REQUIRED WORK:
Produce an exact copy of the lines from the line containing "Bolquere 651: Camera" through the last line of the entries below, and only those lines.

((

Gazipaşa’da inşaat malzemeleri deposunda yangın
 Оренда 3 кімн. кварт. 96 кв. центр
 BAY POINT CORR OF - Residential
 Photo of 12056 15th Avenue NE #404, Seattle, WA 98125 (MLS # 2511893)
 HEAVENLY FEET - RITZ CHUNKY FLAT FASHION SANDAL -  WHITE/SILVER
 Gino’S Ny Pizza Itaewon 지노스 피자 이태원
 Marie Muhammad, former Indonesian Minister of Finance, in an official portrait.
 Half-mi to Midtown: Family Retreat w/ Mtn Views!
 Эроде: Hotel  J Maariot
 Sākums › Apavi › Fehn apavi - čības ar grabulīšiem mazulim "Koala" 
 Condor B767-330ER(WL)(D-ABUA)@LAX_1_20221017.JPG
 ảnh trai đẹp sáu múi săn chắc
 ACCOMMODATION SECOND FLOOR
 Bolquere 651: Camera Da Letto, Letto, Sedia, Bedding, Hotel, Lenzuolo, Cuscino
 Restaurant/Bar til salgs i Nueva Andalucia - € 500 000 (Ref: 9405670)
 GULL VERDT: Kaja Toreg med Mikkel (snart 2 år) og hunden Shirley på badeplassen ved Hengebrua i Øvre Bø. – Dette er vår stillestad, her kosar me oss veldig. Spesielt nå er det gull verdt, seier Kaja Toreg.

))

WRITTEN REPLY:
 Bolquere 651: Camera Da Letto, Letto, Sedia, Bedding, Hotel, Lenzuolo, Cuscino
 Restaurant/Bar til salgs i Nueva Andalucia - € 500 000 (Ref: 9405670)
 GULL VERDT: Kaja Toreg med Mikkel (snart 2 år) og hunden Shirley på badeplassen ved Hengebrua i Øvre Bø. – Dette er vår stillestad, her kosar me oss veldig. Spesielt nå er det gull verdt, seier Kaja Toreg.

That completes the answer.